逆らったら幾ら名門アオイ家の息女とはいえただでは済まん。
…文句は地球に帰ってからだ。」
・・・。
「でも…ナツメは?」
中佐は大きくため息をつくと、
「諦めるんだ。」
そう、一言だけ言った…。
続く
−−−その頃アキトは−−−
「…これも駄目だな。…グチャグチャだ…。」
「…駄目だ!使えん…これじゃあエステじゃない…。」
チラリとサレナを見る。
「やはりコイツを…駄目だ!この化け物をこの時代に持ちこむわけには!」
アキトは運んできたエステの部品から一台組み立てている最中だった…。
::::後書き::::
BA‐2です。
ようやく本編部分に入りました。
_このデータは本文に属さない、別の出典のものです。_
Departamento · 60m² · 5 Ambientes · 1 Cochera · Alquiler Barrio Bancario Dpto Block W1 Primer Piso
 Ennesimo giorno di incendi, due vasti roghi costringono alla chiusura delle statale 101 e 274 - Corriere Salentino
…思ったより掛かったなあ。
…100年前のオフィシャル設定って有るのかな?有ったらだれか教えてください。
オリキャラ随分出したなあ・・・。
質問があったらメール下さい。
…設定に間違いが有ったら教えていただけると有りがたいですね…って何時も言ってるな…これ。
では、よろしければ応援よろしく!
管理人の感想
BA-2さんからの連載投稿です!!
次々と明らかにされるオリキャラ・・・
しかし、誰かの先祖というパターンが多いですね〜
一番意外だったのが山崎の先祖(爆)
良い人だったんですね〜
・・・キノコはキノコみたいだけど(苦笑)
ではBA-2さん、投稿有り難う御座いました!!
次の投稿を楽しみに待ってますね!!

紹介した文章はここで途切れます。